→ What you need to do: Only the lines from the one containing "The Import Wizard" through the last line of the data below belong in your answer, copied exactly and without pictures.

:::::

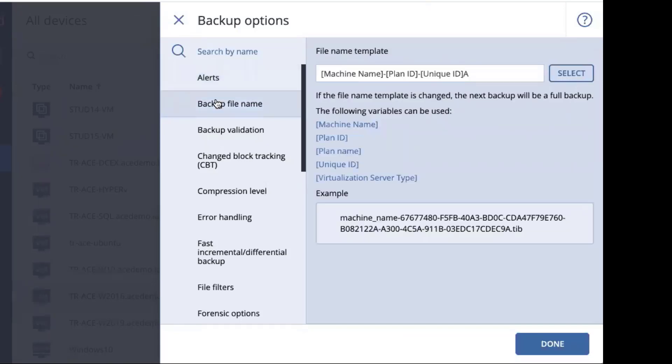The next one is the backup file name. In this one, you can set the backup machine's file name so that you can have something that is unique to your company, but utilize all of the variables that we have available. What you see on the screen is our default one.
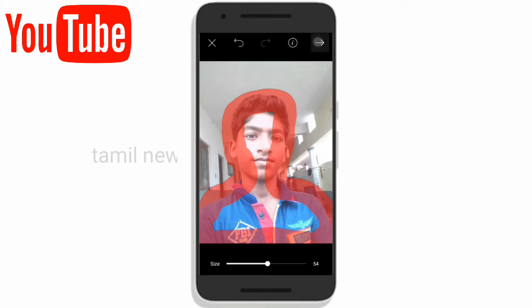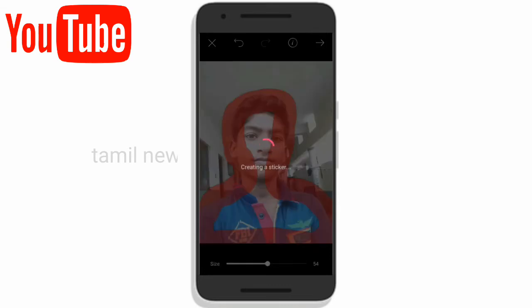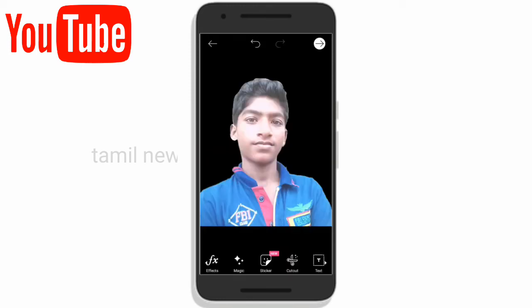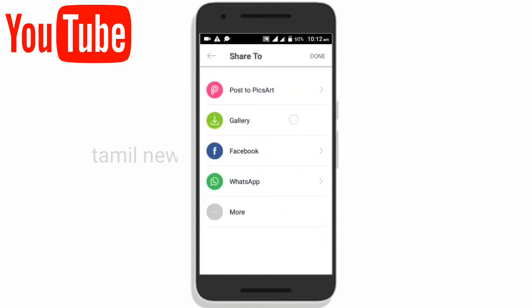Click the icon on the top right, then scroll down and save to the gallery.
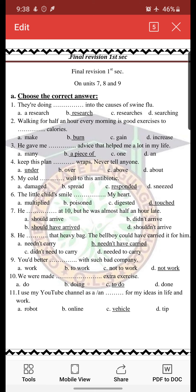Number 9: 'You had better — space — with such bad company.' You have to know that 'had better' is followed only by bare infinitives. We can't put 'to' after 'had better.' So the right answer is 'not work.' I can't say 'not to work' after 'had better' because 'had better' is followed only by bare infinitives — the verb without putting 'to' at all.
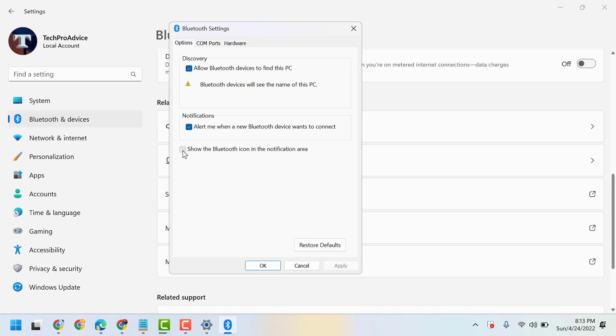So, check this box. Then click on Apply and click on OK.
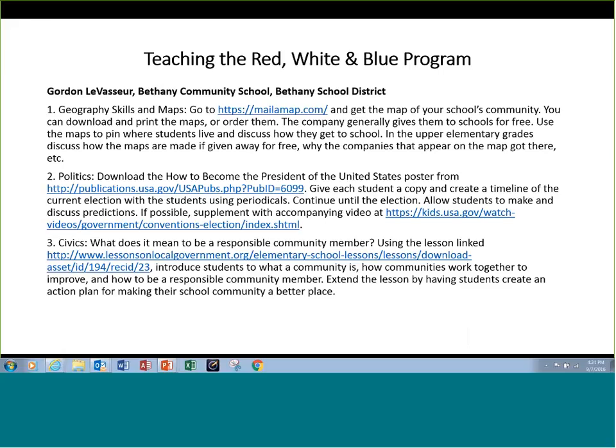Could I also pitch one other event? The Connecticut Council for the Social Studies is having their annual conference on Monday, October 17th at the Crowne Plaza in Cromwell. There will be a session on the Red, White, and Blue Schools program. If you want to do a workshop, they're still taking workshop proposals. And Bambi, are you on? Last time — Bambi, I wanted you to pitch what you can offer to schools. Could you tell them a little about your organization and what you can offer?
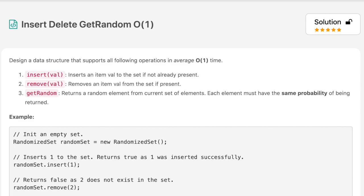Hello everyone, welcome to the channel. Today's question is Insert Delete GetRandom. If you are new to the channel, please consider subscribing — we solve a lot of interview questions on this channel and that can definitely help you with your interview. The question says: design a data structure that supports all following operations in average O(1) time. Get Random returns a random element from the current set, and each element must have the same probability of being returned.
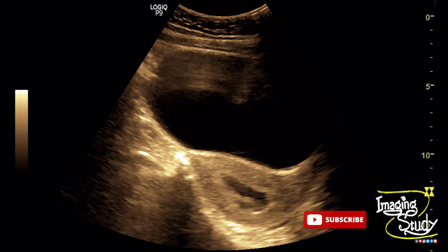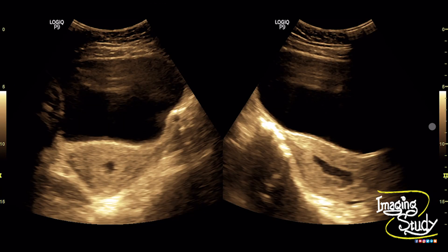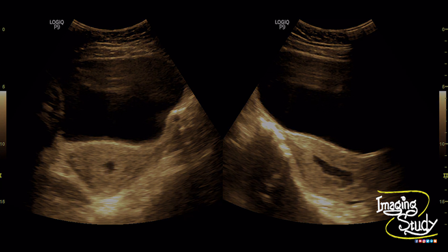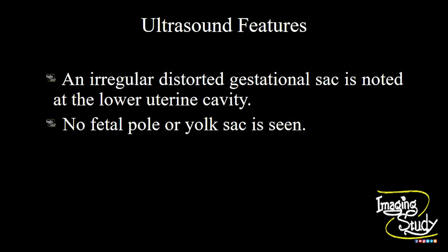Here again the longitudinal and transverse sections of the uterus show the irregular distorted tubular gestational sac. In summary, an irregular distorted gestational sac was noted at the lower uterine cavity, with no fetal pole or yolk sac seen.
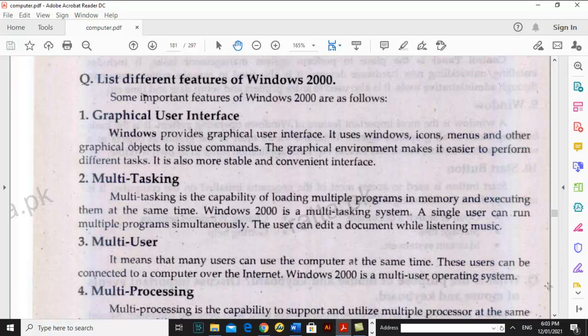It is also a more stable and convenient interface. The second feature is multitasking. In Windows there is a capability that you can do more work at a time. For example, we can do typing, we can chat, we can listen to songs, and we can also browse files. These are different tasks: chatting, downloading, listening to music, and typing.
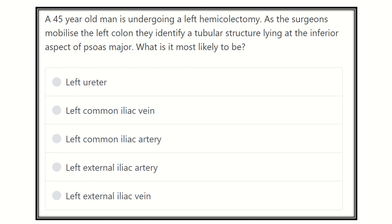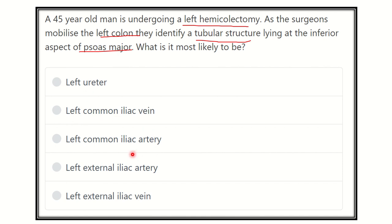The patient is undergoing a left hemicolectomy and the surgeon mobilizes the left colon and identifies a tubular structure which lies at the inferior aspect of the psoas major muscle. The options are: left ureter, left common iliac vein, left common iliac artery, left external iliac artery, and left external iliac vein.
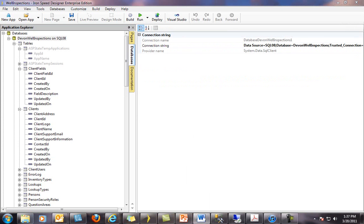With our database selected, we can scroll through the list of tables and views that belong to this database. Tables or views referenced in this application are displayed bolder than those that are not. In this case, we can see that the ASP State Temp Applications table is quite grey. This means this table has not yet been referenced into this application. It is a good practice to only reference the tables and views in your application that you will actually use. You can always come back and reference others later.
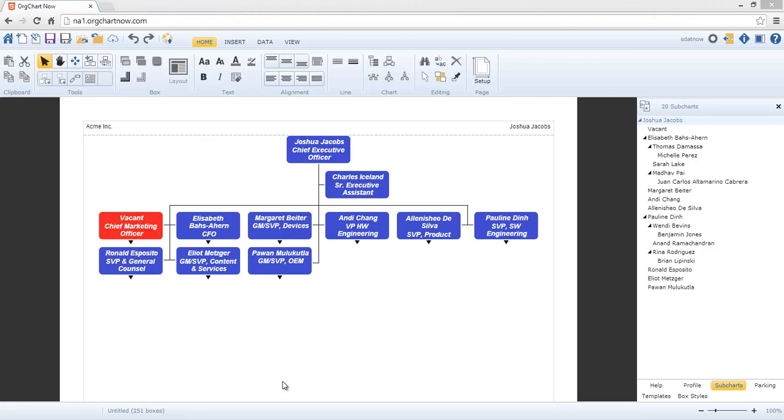The Import Wizard takes the hassle out of creating and maintaining org charts. Thanks for watching this video.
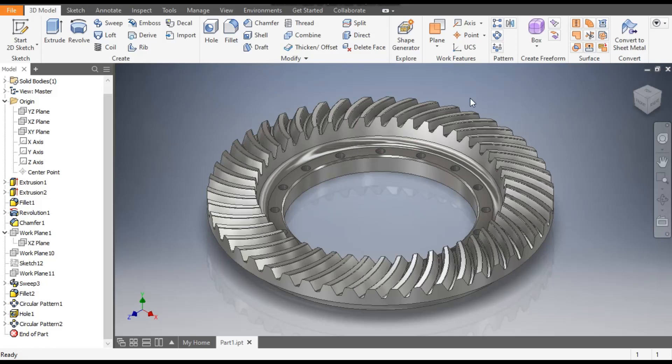Hello friends, welcome back to CatFacts. Today we are going to construct a 3D model of a crown gear in Autodesk Inventor software. So let's get started — go to New.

:::::

→ Response to the exercise:
The Import Wizard takes the hassle out of creating and maintaining org charts. Thanks for watching this video.
Hello friends, welcome back to CatFacts. Today we are going to construct a 3D model of a crown gear in Autodesk Inventor software. So let's get started — go to New.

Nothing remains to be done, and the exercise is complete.